3. Corruption restricts women’s ability to meaningfully participate in decision-making, thus undermining the WPS agenda’s Participation pillar. A number of countries have noted in their State Party reports to the CEDAW Committee that corruption has an adverse effect on women’s political participation. For example, the 2004 Guatemala State Party report states that “women have no faith in the political process and believe that they have been deceived and exploited by male politicians. The 2009 State Party report of Papua New Guinea and the 2010 State Party report of Kenya also points to corruption as a major barrier to women’s political participation. The Papua New Guinea report notes that the prevalence of corruption increases the cost of running for office, thus making it impossible for women to stand as candidates.
4. Corruption has a documented negative impact on women’s access to justice, which undermines the post-conflict transition to a peaceful society and the implementation of the WPS Relief and Recovery pillar.

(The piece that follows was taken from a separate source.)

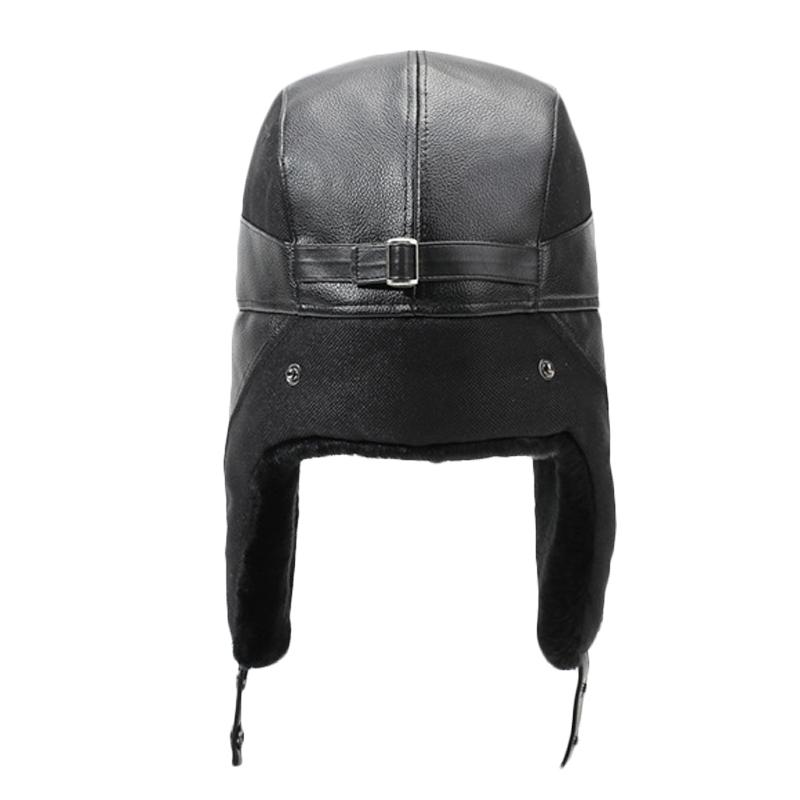 Winter PU Hat Bomber Hat Men's Outdoor Windproof Cold-Proof Ski Hat Thick Fleece Warm Cotton Hat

In Nepal, research respondents noted that the police and judiciary officials are often hostile or disrespectful towards women, and there is a lack of understanding and appropriate guidelines on how violations of women’s human rights, including SGBV, are to be addressed. The lack of effective transparency and accountability mechanisms perpetuates such gender inequalities, as there are no checks and balances that would prevent security and justice officials from bringing their own biases into the system. Respondents also stated that widespread corruption at police and courts prevents speedy case clearance. As one respondent stated, “If there is ‘khuwai piyai’ (term used to indicate bribes provided – in cash or in kind – to obtain favors) then work moves ahead, otherwise it does not.” As a result, it could take up to 5-6 years for a case of SGBV to be considered in court. This effectively prevents women from accessing justice, as they do not have the resources to pay the bribes or to cover the legal fees during such a lengthy period.
Corruption is therefore not only a security concern – it is a WPS concern. Yet, it remains largely absent from discussions on conflict prevention and peace and security, including in the framework of WPS. Our call is clear: conflict-sensitive gender analysis must be a part of all discussions, policies, and actions to curtail corruption. Likewise, the issue of corruption should be acknowledged and discussed in policy fora dedicated to gender equality and sustainable peace – be it within the UN Security Council, the CEDAW Committee, or in national parliaments.